*EXERCISE DIRECTIONS*
Reproduce the entries that follow precisely, setting aside any images.

Records from a dataset:

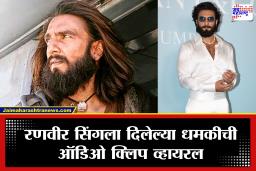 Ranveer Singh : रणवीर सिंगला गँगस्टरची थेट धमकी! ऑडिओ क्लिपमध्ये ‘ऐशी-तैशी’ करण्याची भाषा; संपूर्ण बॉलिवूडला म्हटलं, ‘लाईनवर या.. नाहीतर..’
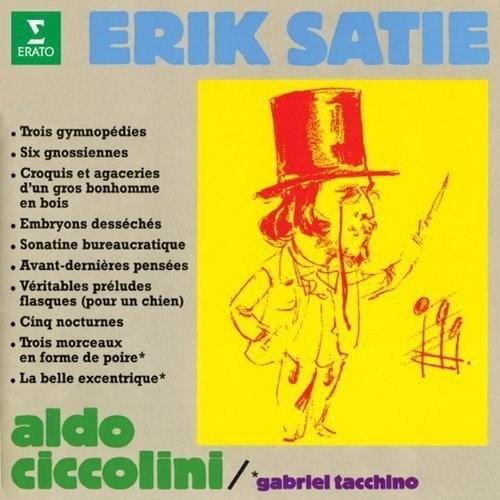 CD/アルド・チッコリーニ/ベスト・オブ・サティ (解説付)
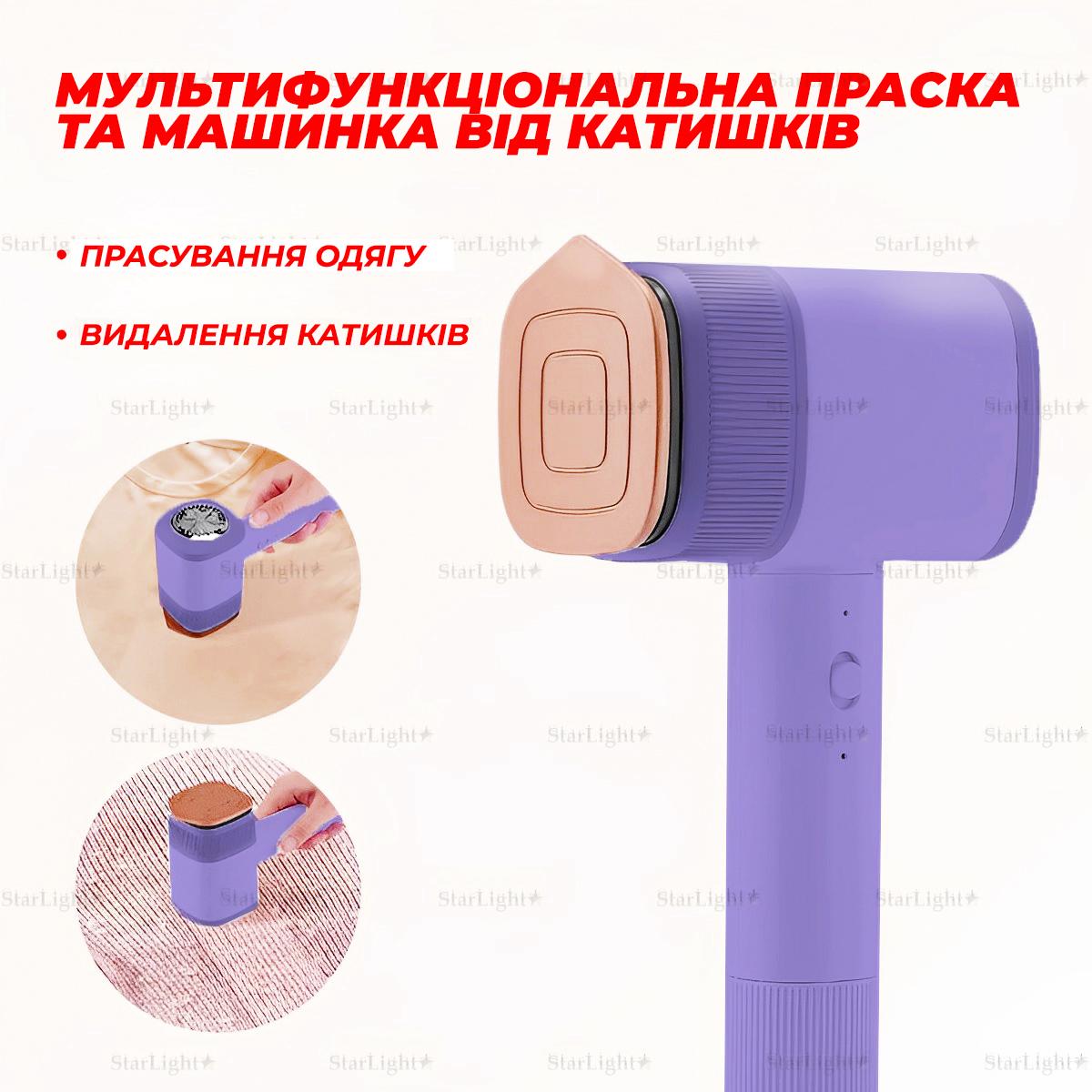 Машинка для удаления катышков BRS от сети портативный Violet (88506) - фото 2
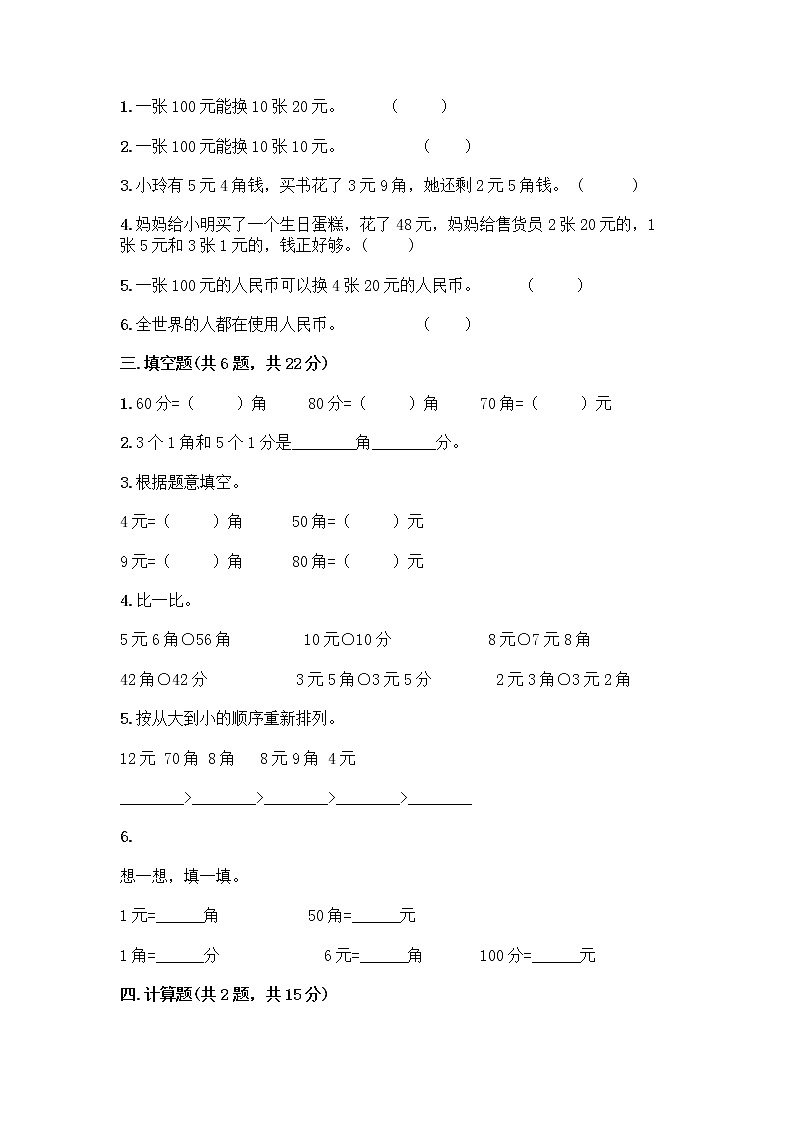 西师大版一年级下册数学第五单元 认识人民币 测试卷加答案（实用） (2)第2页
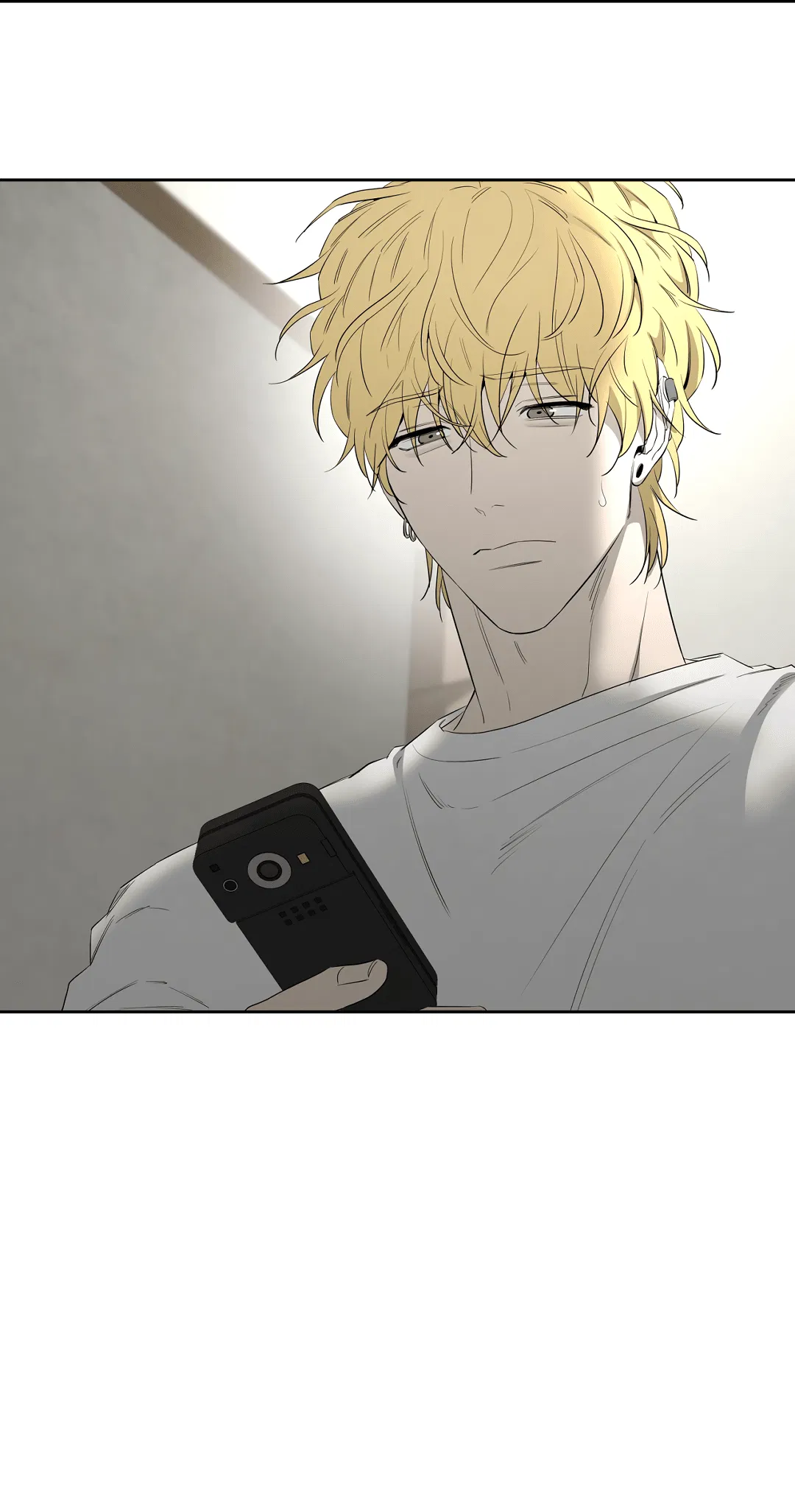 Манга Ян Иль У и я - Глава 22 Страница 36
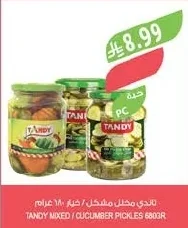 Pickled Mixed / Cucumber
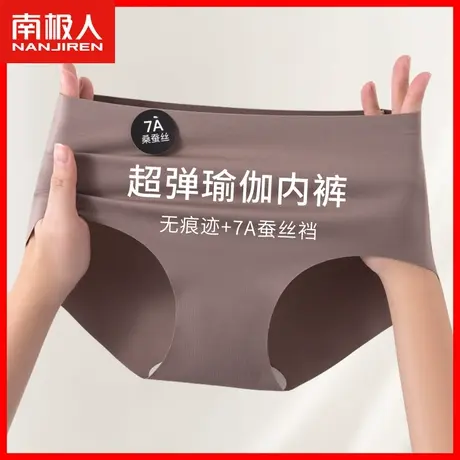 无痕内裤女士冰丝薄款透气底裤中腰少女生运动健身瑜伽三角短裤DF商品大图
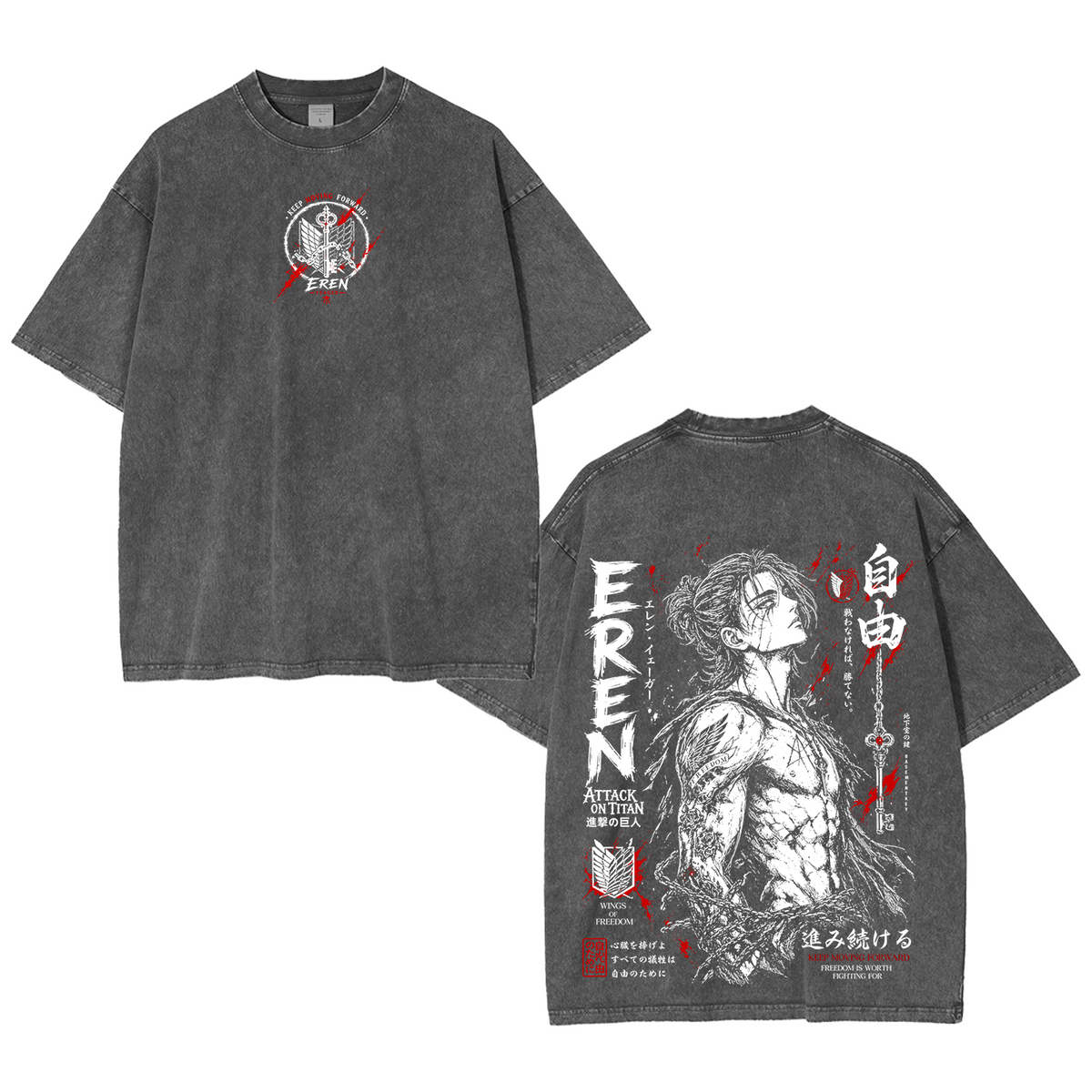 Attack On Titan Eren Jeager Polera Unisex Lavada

*OUTPUT FOR THIS TASK*
 Ranveer Singh : रणवीर सिंगला गँगस्टरची थेट धमकी! ऑडिओ क्लिपमध्ये ‘ऐशी-तैशी’ करण्याची भाषा; संपूर्ण बॉलिवूडला म्हटलं, ‘लाईनवर या.. नाहीतर..’
 CD/アルド・チッコリーニ/ベスト・オブ・サティ (解説付)
 Машинка для удаления катышков BRS от сети портативный Violet (88506) - фото 2
 西师大版一年级下册数学第五单元 认识人民币 测试卷加答案（实用） (2)第2页
 Манга Ян Иль У и я - Глава 22 Страница 36
 Pickled Mixed / Cucumber
 无痕内裤女士冰丝薄款透气底裤中腰少女生运动健身瑜伽三角短裤DF商品大图
 Attack On Titan Eren Jeager Polera Unisex Lavada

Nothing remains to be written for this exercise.